Like Steam before him, Blowz receives a nasty electrical shock that knocks him to the ground. The faint smell of ozone and burned flesh lingers in the air.
"BEE-DEE-BEE-DEE-BEEP," Jackie states solemnly. "Clearly, my communication circuits have failed you, oh wise ones. MAO-17859 Dot R-2 is your team number. You must present your mission number. Please, allow me to deactivate the door."
The aging jackobot then interfaces with the terminal momentarily. After a moment, it speaks again. "BEE-DEE-BEE-DEE-BEEP, you may now proceed safely. I hope that no lasting harm has come to any of this esteemed team."

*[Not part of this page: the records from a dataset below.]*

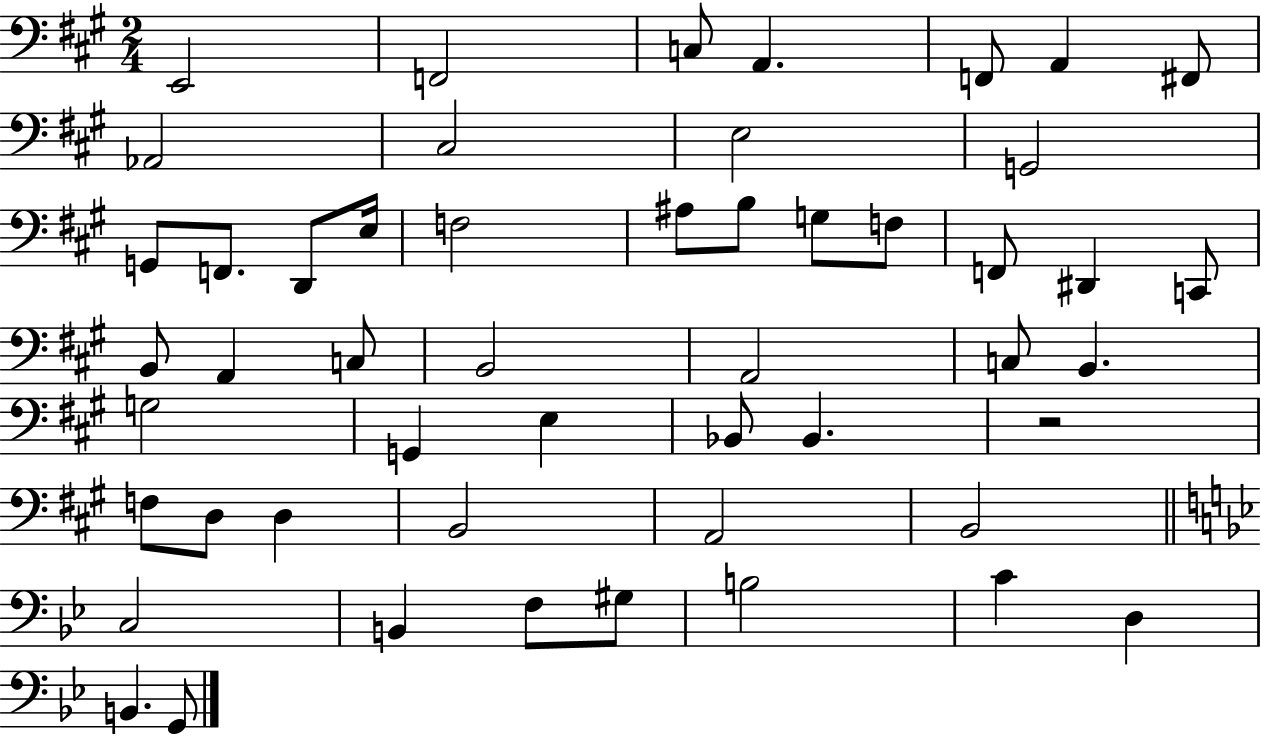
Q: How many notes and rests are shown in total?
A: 51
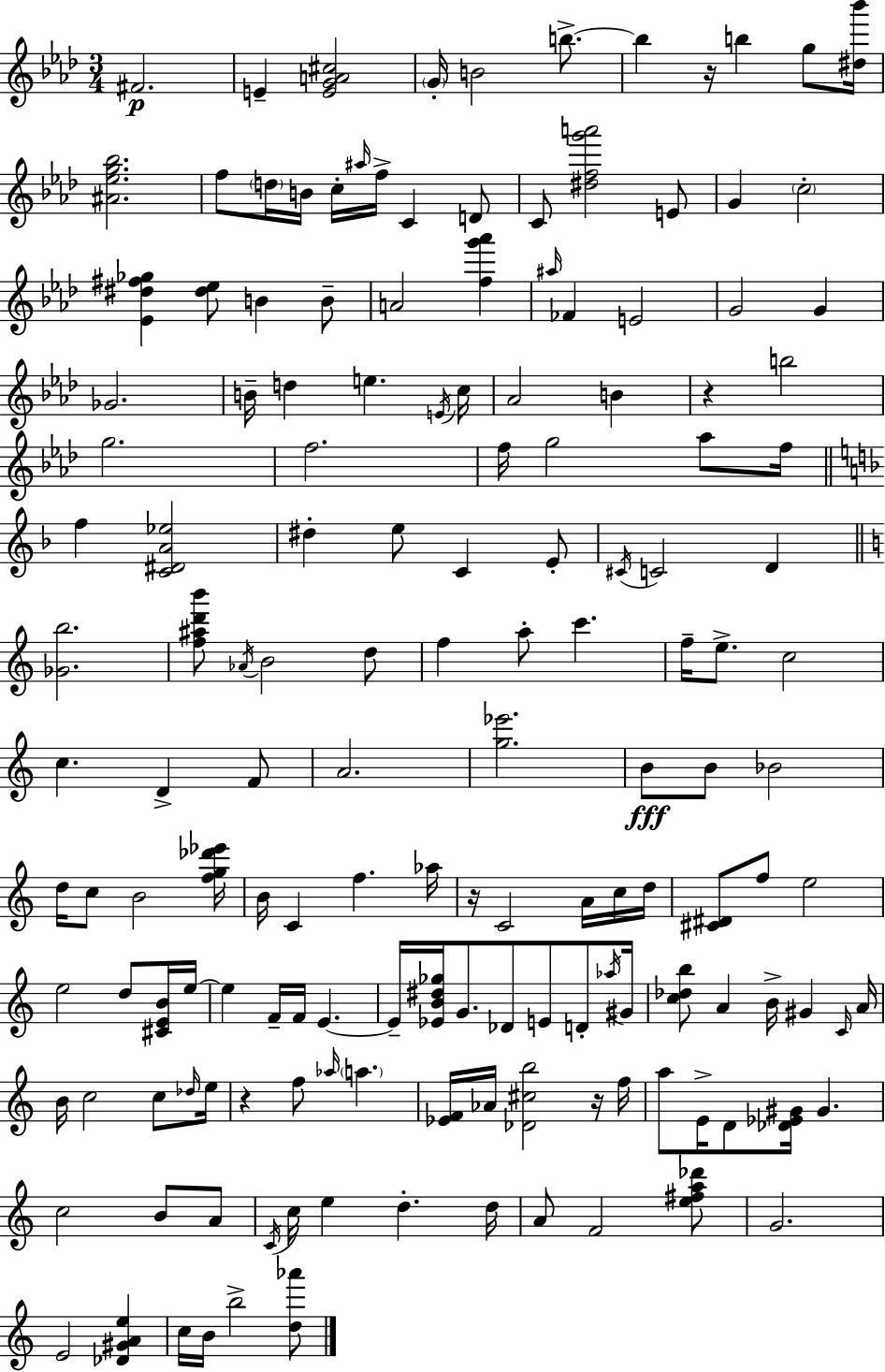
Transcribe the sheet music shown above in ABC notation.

X:1
T:Untitled
M:3/4
L:1/4
K:Ab
^F2 E [EGA^c]2 G/4 B2 b/2 b z/4 b g/2 [^d_b']/4 [^A_eg_b]2 f/2 d/4 B/4 c/4 ^a/4 f/4 C D/2 C/2 [^dfg'a']2 E/2 G c2 [_E^d^f_g] [^d_e]/2 B B/2 A2 [fg'_a'] ^a/4 _F E2 G2 G _G2 B/4 d e E/4 c/4 _A2 B z b2 g2 f2 f/4 g2 _a/2 f/4 f [C^DA_e]2 ^d e/2 C E/2 ^C/4 C2 D [_Gb]2 [f^ad'b']/2 _A/4 B2 d/2 f a/2 c' f/4 e/2 c2 c D F/2 A2 [g_e']2 B/2 B/2 _B2 d/4 c/2 B2 [fg_d'_e']/4 B/4 C f _a/4 z/4 C2 A/4 c/4 d/4 [^C^D]/2 f/2 e2 e2 d/2 [^CEB]/4 e/4 e F/4 F/4 E E/4 [_EB^d_g]/4 G/2 _D/2 E/2 D/2 _a/4 ^G/4 [c_db]/2 A B/4 ^G C/4 A/4 B/4 c2 c/2 _d/4 e/4 z f/2 _a/4 a [_EF]/4 _A/4 [_D^cb]2 z/4 f/4 a/2 E/4 D/2 [_D_E^G]/4 ^G c2 B/2 A/2 C/4 c/4 e d d/4 A/2 F2 [e^fa_d']/2 G2 E2 [_D^GAe] c/4 B/4 b2 [d_a']/2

The door retracts to reveal a parking garage. Jackie takes the lead, and directs the team to a strange craft.
The craft would appear to have once been a fairly typical transbot - before someone sliced off the roof and removed all of the seats. Instead of the factory-issue wheels, four huge, ungainly, (and unguarded) fans are attached to the bottom of the craft (one per corner). The fans point at the ground, and apparently grant the ability for the vehicle to hover.
As you approach, the vehicle speaks in a warm, friendly, feminine voice. "BING! Welcome, troubleshooters. I am the new, perfected Alpha-19.87b Friendliness Hoverbot. Please watch your step while boarding."
The door swings open, and the hoverbot sweetly speaks again. "BING! Welcome aboard. All mutants are traitors! If you are a traitor, please inform me so that we can reroute to the nearest confession booth."
"BING!" it continues. "Please designate a pilot for our journey."